We will, in a crisis, or under pressure of circumstances, exchange old categories for new ones (q.v. the often agonizing metamorphoses recounted in Ovid, pantheism for monotheism, feudalism for capitalism, social democracy for fascism, faith for reason, slavery for labor unions and voluntary debt, racism for tolerance, calisthenics for yoga), but we have not yet been able to invent our way out of a categorical mode of thought, nor imagine forsaking categories as our dominant technique for structuring reality. Consequently, one heroically thinks oneself outside the box, only to find oneself in another box one must labor heroically to think outside of. Private property’s greatest appeal may, ultimately, be that it insures that at least we can own the box we’re trapped in.

The closest we get to evolution, then, is repetition and, frequently only in extreme circumstances, variation.

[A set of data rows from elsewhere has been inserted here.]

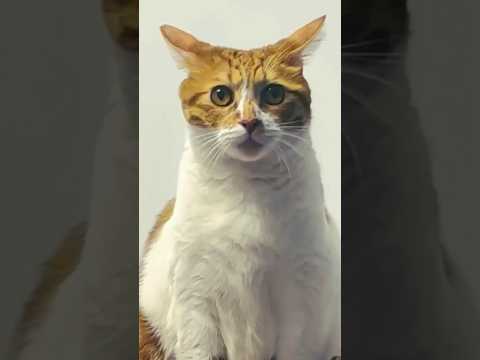 Funny cat compilation #cat #funnycat #pet #fyp #funnycatvideos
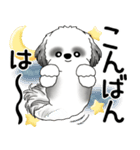 B＆Wシーズー犬  「飛び出す」よく使う言葉（個別スタンプ：6）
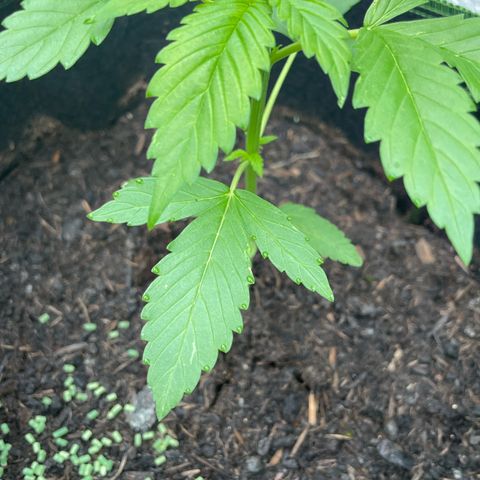 Royal Runtz growlog timeline photo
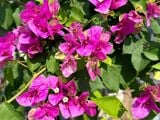 Hoa giấy Violet 486 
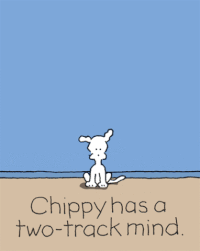 chippythedog chippythedog GIF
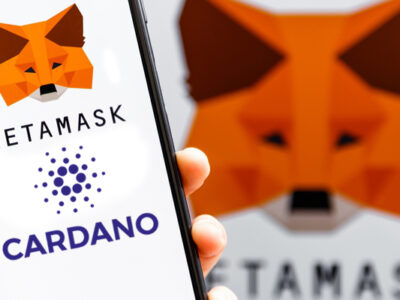 将 ADA Cardano 连接到币安智能链网络上的 MetaMask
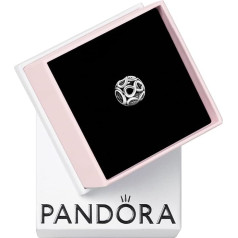 Pandora Passions Sterling Silver Eternity Necklace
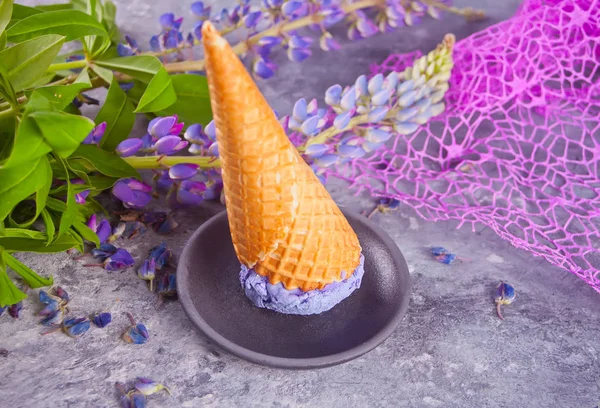 Waffle kúp lila lila fagylalt fagylaltot a sötétszürke háttér díszítő csillagfürt — Stock Fotó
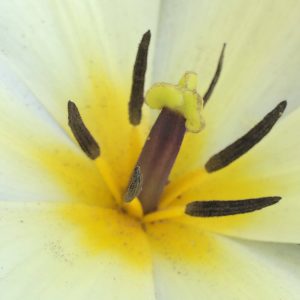 photograph of pale yellow (colour) tulip stamens by Kathryn Sassall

An appreciation of the functional limitation of the categorical mode of thought, constituting as it does in itself a kind of mental prison, may help reveal why, for example, our culture is obsessed both with prisons, and with freedom. It may also illuminate the conceptual precondition that allows the things we consider to be social evils to persist, and to even develop more virulent and perverse manifestations, despite our attempts at moral and legal suppression.

 

Got my logos workin’ but it just don’t work on thou – I mean dao

 

Turn left at Wal-Mart

 

Platonic solidarity forever

 

I was a Platonic Solid for the FBI

 

Tax the guilty!

 

Let them eat apps.

 

Hypotaxis, mon amour;

Jim Crow in the Animal Farm of Grammar.

 

On the other foot, parataxis strikes deep.

Even gods and demons fear the sequence of four unwinding, chain-linking or strung-together words.

 

I dreamed I saw Dad in mom’s Freudian slip

 

rubbr.bwc

 

A pair of praxes walk into a bar…

 

There is a logos in Spanish Harlem…

 

And The Velveteen Logic: it becomes more lovable, more filled with spirit resonance the more threadbare it becomes.